Sometime back, I had answered a question on stackoverflow about Publish/Subscribe Systems . While the direction of my answer was not exactly what the guy who asked the question was looking at (He was not interested in performance aspects/design trade-offs) , I think anyone who stumbles here might find the problem interesting : Here is a gist of my answer on stackoverflow.
The general problem is called Content based Publish Subscribe , and if you search for papers in the same area, you would get a lot of results : For instance- this paper
Here are few things the system would need
1) A data-store for the subscriptions which needs to store: a)Store the list of subscribers b)Store the list of subscriptions
2) A means for authenticating the requests for subscriptions and the nodes themselves a) Server-Subscribers communicate over ssl. In the case of the server handling thousands of SSL connections – It’s a CPU intensive task, especially if lots of connections are set up in bursts.
b) If all the subscriber nodes are in the same trusted network, need not have ssl.
3) Whether we want a Push or Pull based model:
a)Server can maintain a latest timestamp seen per node, per filter matched. When an event matches a filter, send a notification to the subscriber. Let the client then send a request. The server then initiate sending matching events.
b)Server matches and sends filter to clients at one shot.
Difference between (a) and (b) is that, in (a) you have more state maintained on the client side. Easier to extend a subscriber-specific logic later on. In (b) the client is dumb. It does not have any means to say if it does not want to receive events for whatever reason. (say, network clog).
4) How are the events maintained in memory at the server-side?
a)The logical model here is table with columns of strings (C1..CN), and each new row added is a new event.
b)We could have A hash-table per column storing a tupple of (timestamp, pointer to event structure).
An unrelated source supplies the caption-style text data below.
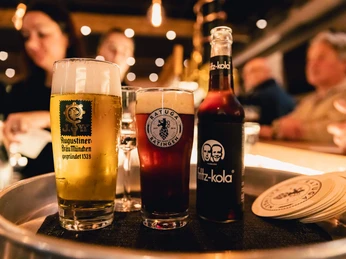 Getränkeauswahl im Bürgerhaus Ratingen Bierglas, Glas mit dunklem Getränk und Flasche Fritz-Kola auf einem Tablett in geselliger Runde.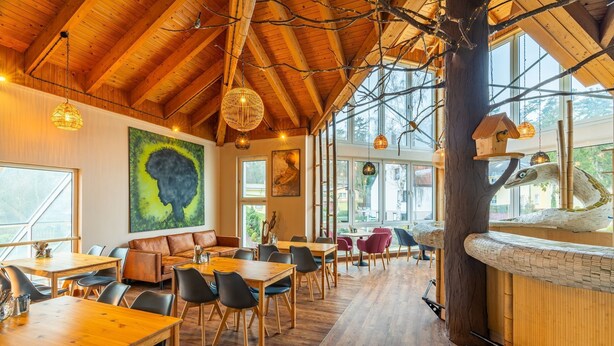 A restaurant with wooden tables and chairs, large windows, and a high ceiling with exposed beams.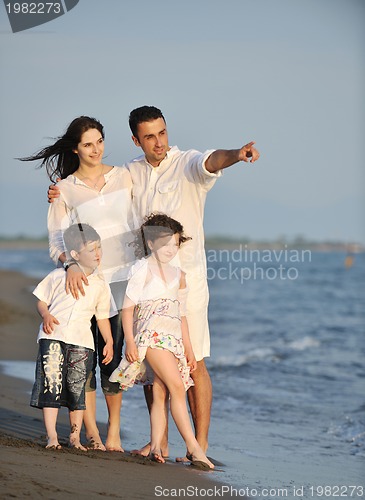 Image of happy young family have fun on beach at sunset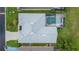 House with a swimming pool and surrounding landscaping at 135 Langham Dr, Davenport, FL 33897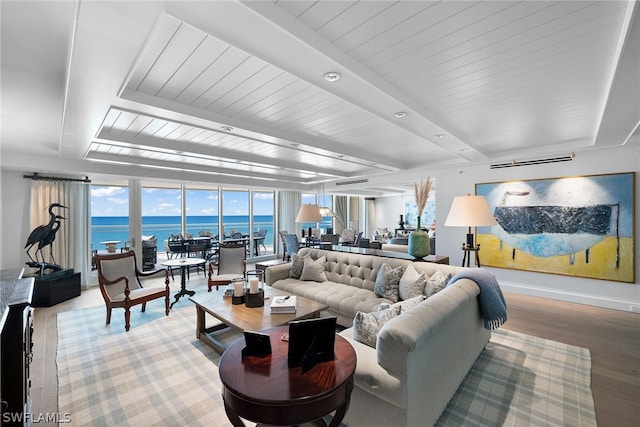 living room featuring a water view, hardwood / wood-style flooring, and beamed ceiling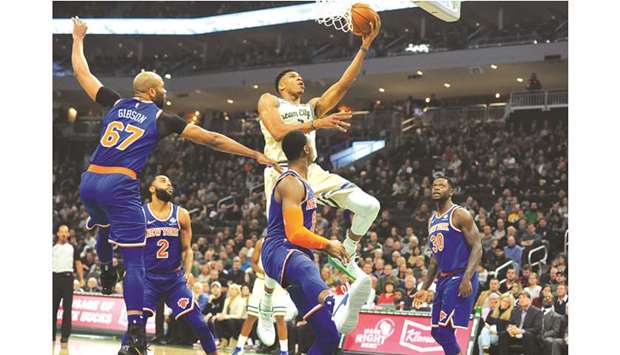 Milwaukee Bucks forward Giannis Antetokounmpo (34) lays up a shot against New York Knicks forward RJ Barrett (9) and forward Julius Randle (30) in the first quarter at Fiserv Forum. PICTURE: USA TODAY Sports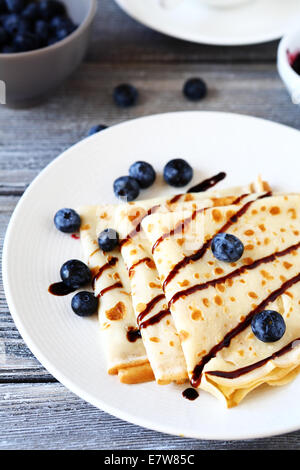 pancakes with chocolate sauce, side view Stock Photo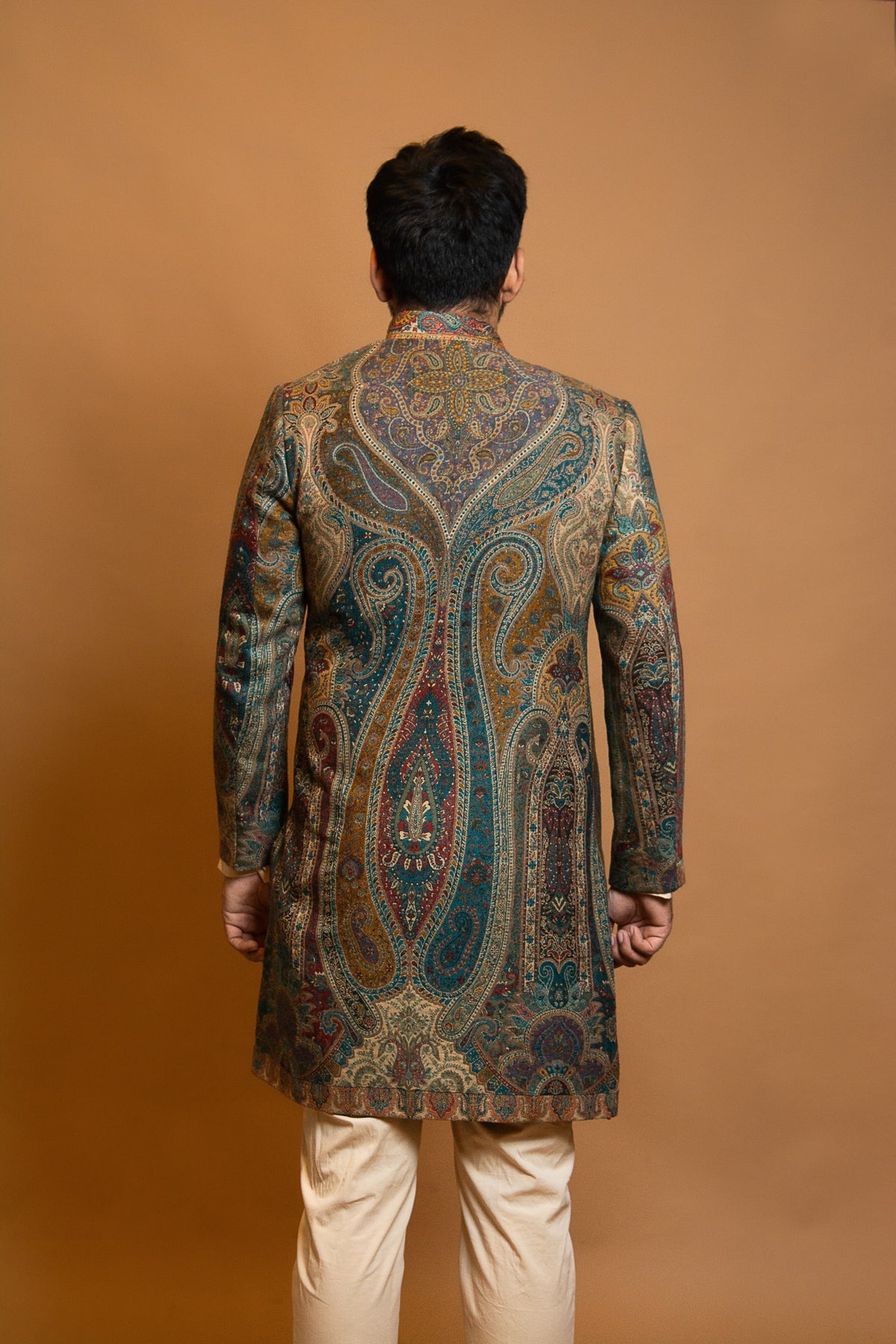 JAMAWAR PATTERNED SHORT ACHKAN PAIRED WITH A BEIGE COTTON SILK KURTA AND PANT
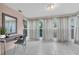 Entryway featuring tiled floors, a desk and chair, a mirror, and three large windows at 1407 E Kaley St, Orlando, FL 32806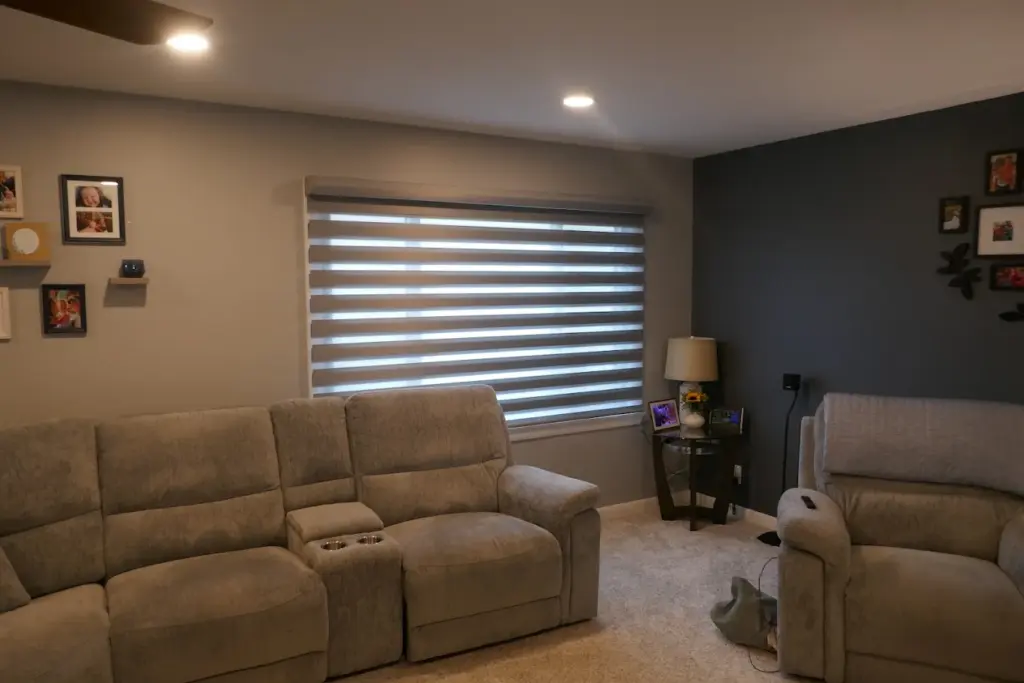 Grey zebra shade with bands aligned for light on a wide family room window above a sectional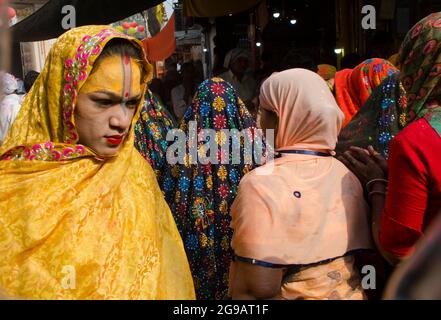 A devotee in a lane of Mathura, on the day of Holi festival. Stock Photo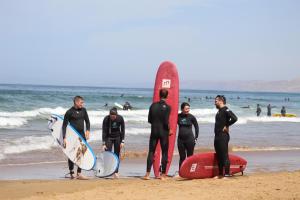 塔哈佐特Welle Surf Morocco的一群人站在海滩上,有冲浪板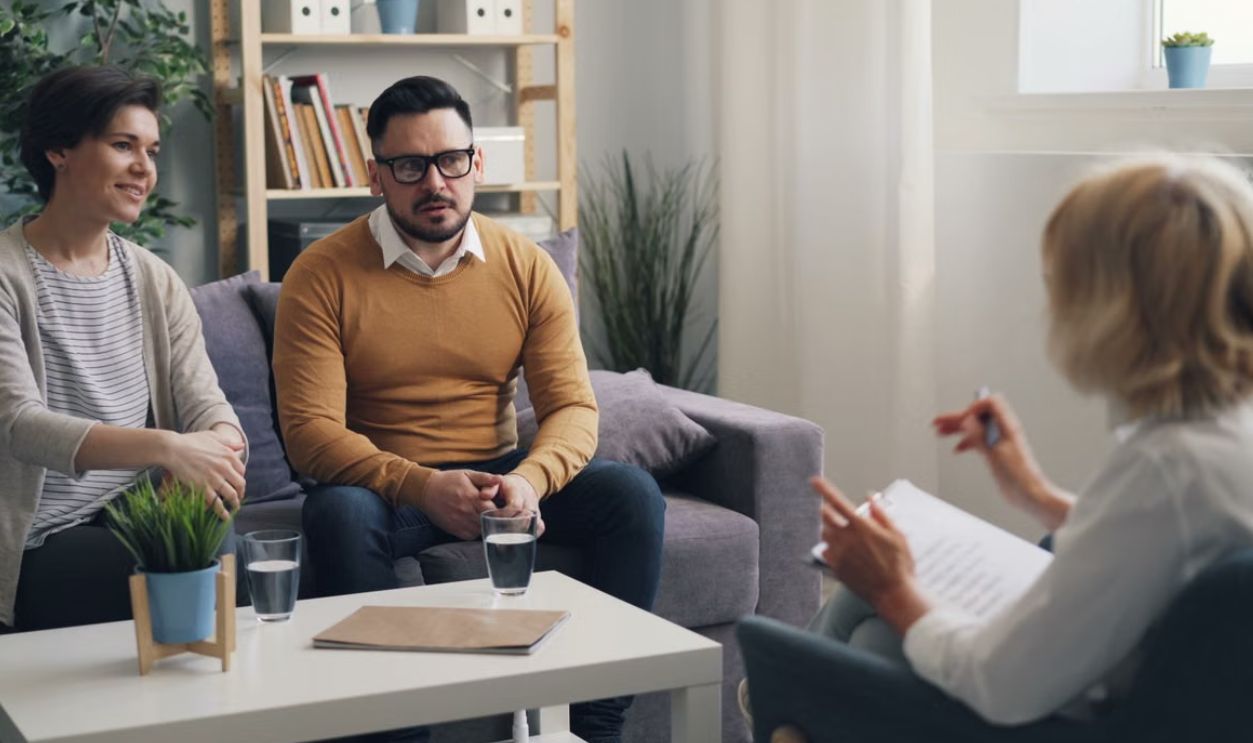 Couple discussing issues with therapist during a counseling session in a cozy office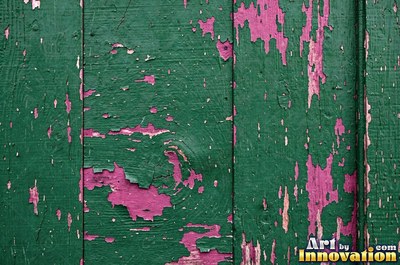 Peeling emerald paint curling off a wooden door in long flakes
And each event is given a unique id. With different data-structures,we can come up with different schemes.
c) Events here are considered as infinite stream. If we have a 32-bit eventId, we have chances of integer-overflow.
d) If we have a timer function on the server, matching and dispatching events,what is the actual resolution of the system timer? Does that have any implication?
e) Memory allocation is a very expensive operation. If your filter-matching logic is going to do frequent allocations/ freeing, it will adversely affect performance. How can we manage the memory-pool for this particular operation? Would we different size-buckets of page-aligned memory?
5) What should happen if the subscriber node loses connectivity or goes down? (a)Is it acceptable for the client to lose events during the period, or should the server buffer everything? (b)If the subscriber goes down,till what historical time in the past can it request matching events.
6) More details of the messaging layer between (Server,Subscriber) (a) Is the communication between the server and subscribers synchronous or asynchronous?
(b)Do we need a binary-protocol or text-based protocol between the client/server? (There are trade-off’s in both)
7) Should we need any rate-limiting logic in server side? What should we do if we starve some of the clients while serving data to few others?
8) How would the change of subscriptions be managed? If some client wishes to change it’s subsciption then, should it be updated in-memory first before updating the permanent data-store? Or vice-versa? What would happen if the server goes down, before the data-store is written-to? How would we ensure consistency of the data-store- the subscriptions/server list?
9)This was assuming that we have a single server- What if we need a cluster of servers that the subscribers can connect to? (Whole bunch of issues here: ) a)How can network-partitioning be handled? ( example: of say 5 nodes,3 nodes are reachable from each other, and other 2 nodes can only reach other?) b) How are events/workload distributed among the members of the cluster?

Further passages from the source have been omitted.